About this task: Everything from the first line of the material below through the line containing "Stehen vor einem" must be retyped exactly, and nothing past it.

The records:
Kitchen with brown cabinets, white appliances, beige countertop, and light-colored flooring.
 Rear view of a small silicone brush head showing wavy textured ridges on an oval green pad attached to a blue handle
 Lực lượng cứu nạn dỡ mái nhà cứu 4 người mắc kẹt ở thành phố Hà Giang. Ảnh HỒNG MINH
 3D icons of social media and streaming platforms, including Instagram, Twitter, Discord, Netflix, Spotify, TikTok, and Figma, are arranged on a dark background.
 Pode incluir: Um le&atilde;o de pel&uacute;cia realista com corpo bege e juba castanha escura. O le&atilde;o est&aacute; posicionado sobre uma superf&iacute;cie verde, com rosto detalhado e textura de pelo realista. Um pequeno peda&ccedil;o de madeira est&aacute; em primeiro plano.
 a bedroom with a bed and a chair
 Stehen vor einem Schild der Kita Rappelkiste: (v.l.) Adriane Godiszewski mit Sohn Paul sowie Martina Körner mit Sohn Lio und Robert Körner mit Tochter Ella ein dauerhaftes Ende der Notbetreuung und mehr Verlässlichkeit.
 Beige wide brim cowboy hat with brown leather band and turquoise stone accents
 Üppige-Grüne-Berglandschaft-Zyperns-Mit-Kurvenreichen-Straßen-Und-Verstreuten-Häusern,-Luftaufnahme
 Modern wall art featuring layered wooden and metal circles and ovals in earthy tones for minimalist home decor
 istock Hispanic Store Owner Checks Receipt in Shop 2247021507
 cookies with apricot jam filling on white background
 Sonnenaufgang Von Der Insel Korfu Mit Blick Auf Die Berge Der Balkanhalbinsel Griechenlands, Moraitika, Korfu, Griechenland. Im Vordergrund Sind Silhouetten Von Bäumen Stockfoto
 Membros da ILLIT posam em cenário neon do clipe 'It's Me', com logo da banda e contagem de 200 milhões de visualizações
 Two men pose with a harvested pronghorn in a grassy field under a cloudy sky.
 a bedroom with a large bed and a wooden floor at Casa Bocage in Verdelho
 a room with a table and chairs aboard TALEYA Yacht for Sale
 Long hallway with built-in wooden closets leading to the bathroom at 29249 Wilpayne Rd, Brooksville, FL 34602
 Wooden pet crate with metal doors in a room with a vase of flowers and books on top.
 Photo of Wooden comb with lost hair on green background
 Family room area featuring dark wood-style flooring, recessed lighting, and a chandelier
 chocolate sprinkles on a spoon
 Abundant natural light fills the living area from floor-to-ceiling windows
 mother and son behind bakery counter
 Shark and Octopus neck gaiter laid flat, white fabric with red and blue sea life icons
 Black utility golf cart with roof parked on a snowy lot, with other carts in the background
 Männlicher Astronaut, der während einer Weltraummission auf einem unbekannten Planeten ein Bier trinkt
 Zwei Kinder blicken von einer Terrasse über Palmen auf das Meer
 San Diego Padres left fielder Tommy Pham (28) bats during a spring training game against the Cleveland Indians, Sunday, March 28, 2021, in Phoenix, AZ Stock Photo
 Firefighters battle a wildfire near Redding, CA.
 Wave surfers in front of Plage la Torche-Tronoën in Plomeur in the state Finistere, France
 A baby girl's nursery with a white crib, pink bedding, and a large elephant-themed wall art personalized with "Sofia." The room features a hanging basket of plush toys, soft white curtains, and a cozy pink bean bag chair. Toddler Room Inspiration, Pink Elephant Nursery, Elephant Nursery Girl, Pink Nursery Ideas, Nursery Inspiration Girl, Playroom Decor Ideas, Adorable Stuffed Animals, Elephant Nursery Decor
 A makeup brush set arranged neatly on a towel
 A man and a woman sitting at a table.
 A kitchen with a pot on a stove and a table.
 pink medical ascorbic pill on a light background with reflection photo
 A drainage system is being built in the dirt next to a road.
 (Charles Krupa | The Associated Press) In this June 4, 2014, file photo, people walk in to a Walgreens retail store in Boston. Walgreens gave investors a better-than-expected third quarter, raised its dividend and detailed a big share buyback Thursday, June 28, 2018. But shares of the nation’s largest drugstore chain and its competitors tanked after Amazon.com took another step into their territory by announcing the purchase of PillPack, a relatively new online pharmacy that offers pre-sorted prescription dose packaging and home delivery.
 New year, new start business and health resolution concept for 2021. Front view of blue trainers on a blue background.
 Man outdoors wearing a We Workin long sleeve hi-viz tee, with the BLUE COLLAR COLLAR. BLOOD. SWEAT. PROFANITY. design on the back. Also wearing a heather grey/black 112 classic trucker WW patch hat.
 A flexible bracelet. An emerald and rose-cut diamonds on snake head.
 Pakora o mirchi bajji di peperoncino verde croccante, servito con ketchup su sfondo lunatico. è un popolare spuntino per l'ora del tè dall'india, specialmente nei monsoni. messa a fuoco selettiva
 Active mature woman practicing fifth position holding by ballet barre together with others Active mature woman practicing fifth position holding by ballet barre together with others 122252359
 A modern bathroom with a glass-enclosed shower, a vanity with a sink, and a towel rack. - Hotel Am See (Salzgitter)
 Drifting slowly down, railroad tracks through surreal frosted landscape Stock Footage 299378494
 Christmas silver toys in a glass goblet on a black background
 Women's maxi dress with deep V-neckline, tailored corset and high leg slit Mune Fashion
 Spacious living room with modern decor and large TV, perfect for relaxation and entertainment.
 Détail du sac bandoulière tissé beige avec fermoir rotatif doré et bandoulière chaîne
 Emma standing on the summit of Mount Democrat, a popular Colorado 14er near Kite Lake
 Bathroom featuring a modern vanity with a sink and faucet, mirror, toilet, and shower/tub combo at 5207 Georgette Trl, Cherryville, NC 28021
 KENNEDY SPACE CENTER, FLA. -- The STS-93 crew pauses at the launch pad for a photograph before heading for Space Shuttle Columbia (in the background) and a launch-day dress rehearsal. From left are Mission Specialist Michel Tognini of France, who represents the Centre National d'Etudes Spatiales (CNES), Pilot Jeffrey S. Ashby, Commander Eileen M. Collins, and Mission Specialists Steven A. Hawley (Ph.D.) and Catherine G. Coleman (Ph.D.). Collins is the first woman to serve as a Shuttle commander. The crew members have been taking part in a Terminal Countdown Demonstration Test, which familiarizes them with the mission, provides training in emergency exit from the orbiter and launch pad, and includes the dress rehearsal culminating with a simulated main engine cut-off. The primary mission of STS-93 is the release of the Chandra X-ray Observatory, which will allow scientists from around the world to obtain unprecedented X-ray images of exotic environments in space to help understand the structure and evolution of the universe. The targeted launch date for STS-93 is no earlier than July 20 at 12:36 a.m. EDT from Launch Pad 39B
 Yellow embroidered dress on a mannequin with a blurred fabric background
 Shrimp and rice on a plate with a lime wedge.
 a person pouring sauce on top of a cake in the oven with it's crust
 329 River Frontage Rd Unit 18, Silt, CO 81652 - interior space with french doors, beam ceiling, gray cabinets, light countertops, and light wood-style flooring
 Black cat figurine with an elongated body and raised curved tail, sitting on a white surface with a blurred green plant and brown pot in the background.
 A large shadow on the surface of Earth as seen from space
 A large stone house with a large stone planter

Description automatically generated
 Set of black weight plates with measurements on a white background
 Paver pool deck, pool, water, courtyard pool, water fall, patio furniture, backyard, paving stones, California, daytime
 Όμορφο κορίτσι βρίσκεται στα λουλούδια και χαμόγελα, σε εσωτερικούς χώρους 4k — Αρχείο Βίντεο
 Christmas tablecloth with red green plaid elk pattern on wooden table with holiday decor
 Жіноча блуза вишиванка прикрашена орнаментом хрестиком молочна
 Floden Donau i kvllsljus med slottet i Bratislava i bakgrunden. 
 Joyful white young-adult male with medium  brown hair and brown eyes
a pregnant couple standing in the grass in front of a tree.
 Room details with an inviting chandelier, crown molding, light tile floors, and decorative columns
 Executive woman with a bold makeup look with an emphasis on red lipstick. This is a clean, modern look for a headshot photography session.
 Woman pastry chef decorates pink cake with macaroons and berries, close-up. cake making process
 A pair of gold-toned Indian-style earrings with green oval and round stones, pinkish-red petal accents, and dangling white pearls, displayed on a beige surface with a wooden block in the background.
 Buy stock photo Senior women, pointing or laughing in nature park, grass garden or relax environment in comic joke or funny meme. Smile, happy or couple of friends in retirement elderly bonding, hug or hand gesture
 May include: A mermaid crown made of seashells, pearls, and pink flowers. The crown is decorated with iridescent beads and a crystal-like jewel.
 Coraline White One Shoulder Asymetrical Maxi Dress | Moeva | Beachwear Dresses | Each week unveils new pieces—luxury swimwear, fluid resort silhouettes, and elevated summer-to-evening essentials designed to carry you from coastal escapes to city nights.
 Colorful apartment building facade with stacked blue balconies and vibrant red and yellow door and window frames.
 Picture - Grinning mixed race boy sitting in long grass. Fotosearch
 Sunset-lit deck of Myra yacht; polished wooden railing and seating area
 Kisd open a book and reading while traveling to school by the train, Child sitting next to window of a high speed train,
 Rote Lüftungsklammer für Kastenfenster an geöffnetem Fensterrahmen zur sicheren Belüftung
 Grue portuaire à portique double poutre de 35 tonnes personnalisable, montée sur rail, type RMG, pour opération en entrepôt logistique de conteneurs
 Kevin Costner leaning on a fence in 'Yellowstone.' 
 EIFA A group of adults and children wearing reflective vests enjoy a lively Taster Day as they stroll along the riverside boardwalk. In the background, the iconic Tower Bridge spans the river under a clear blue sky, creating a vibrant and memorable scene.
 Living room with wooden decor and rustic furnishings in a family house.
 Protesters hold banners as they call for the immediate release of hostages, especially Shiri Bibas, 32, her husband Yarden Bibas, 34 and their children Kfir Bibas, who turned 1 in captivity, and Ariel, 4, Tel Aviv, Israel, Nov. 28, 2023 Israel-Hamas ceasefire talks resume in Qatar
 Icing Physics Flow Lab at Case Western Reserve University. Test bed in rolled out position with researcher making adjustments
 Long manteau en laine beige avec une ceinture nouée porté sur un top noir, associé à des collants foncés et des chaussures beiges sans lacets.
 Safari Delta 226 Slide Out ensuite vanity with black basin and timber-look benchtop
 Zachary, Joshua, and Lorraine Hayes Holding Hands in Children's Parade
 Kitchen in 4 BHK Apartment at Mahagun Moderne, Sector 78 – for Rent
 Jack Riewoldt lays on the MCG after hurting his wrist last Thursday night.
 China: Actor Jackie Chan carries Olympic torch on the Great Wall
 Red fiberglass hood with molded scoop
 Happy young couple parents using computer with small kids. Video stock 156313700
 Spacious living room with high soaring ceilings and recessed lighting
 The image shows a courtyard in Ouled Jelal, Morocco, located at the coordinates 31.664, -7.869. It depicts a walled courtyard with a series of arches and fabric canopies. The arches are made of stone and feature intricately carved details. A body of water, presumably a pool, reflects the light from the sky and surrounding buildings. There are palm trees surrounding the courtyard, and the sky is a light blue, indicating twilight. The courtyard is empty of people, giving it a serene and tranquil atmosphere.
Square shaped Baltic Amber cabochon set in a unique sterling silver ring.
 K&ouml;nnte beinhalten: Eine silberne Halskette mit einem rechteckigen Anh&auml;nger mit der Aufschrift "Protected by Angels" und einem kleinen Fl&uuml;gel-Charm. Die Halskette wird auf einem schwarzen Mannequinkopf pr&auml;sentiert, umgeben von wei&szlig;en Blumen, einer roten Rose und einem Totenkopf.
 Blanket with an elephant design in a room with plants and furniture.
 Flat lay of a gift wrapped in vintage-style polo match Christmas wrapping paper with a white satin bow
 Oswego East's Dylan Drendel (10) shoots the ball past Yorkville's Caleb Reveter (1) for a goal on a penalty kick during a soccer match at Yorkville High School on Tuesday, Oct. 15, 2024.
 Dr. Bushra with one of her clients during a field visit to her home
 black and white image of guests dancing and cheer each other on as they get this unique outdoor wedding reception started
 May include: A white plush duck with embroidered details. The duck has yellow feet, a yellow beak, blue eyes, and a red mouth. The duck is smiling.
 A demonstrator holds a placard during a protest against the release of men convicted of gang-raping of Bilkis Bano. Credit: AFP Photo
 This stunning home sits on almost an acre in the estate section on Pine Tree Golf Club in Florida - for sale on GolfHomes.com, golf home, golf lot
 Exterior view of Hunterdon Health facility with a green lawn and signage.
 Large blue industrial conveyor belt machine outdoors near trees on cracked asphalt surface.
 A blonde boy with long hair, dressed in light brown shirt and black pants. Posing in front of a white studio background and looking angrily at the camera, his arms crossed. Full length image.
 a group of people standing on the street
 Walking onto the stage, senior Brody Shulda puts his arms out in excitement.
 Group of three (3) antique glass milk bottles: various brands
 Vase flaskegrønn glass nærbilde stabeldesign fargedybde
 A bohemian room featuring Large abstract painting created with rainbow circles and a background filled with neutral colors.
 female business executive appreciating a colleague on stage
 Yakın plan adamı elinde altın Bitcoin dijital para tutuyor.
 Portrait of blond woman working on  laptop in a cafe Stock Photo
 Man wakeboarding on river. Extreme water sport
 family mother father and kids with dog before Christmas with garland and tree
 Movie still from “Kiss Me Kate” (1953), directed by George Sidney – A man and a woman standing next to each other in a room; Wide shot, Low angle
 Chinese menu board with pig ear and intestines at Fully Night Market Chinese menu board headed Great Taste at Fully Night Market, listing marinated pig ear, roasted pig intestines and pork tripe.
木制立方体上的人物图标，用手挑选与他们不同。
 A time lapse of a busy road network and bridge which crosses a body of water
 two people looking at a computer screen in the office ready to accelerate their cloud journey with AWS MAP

Solution to this task:
Kitchen with brown cabinets, white appliances, beige countertop, and light-colored flooring.
 Rear view of a small silicone brush head showing wavy textured ridges on an oval green pad attached to a blue handle
 Lực lượng cứu nạn dỡ mái nhà cứu 4 người mắc kẹt ở thành phố Hà Giang. Ảnh HỒNG MINH
 3D icons of social media and streaming platforms, including Instagram, Twitter, Discord, Netflix, Spotify, TikTok, and Figma, are arranged on a dark background.
 Pode incluir: Um le&atilde;o de pel&uacute;cia realista com corpo bege e juba castanha escura. O le&atilde;o est&aacute; posicionado sobre uma superf&iacute;cie verde, com rosto detalhado e textura de pelo realista. Um pequeno peda&ccedil;o de madeira est&aacute; em primeiro plano.
 a bedroom with a bed and a chair
 Stehen vor einem Schild der Kita Rappelkiste: (v.l.) Adriane Godiszewski mit Sohn Paul sowie Martina Körner mit Sohn Lio und Robert Körner mit Tochter Ella ein dauerhaftes Ende der Notbetreuung und mehr Verlässlichkeit.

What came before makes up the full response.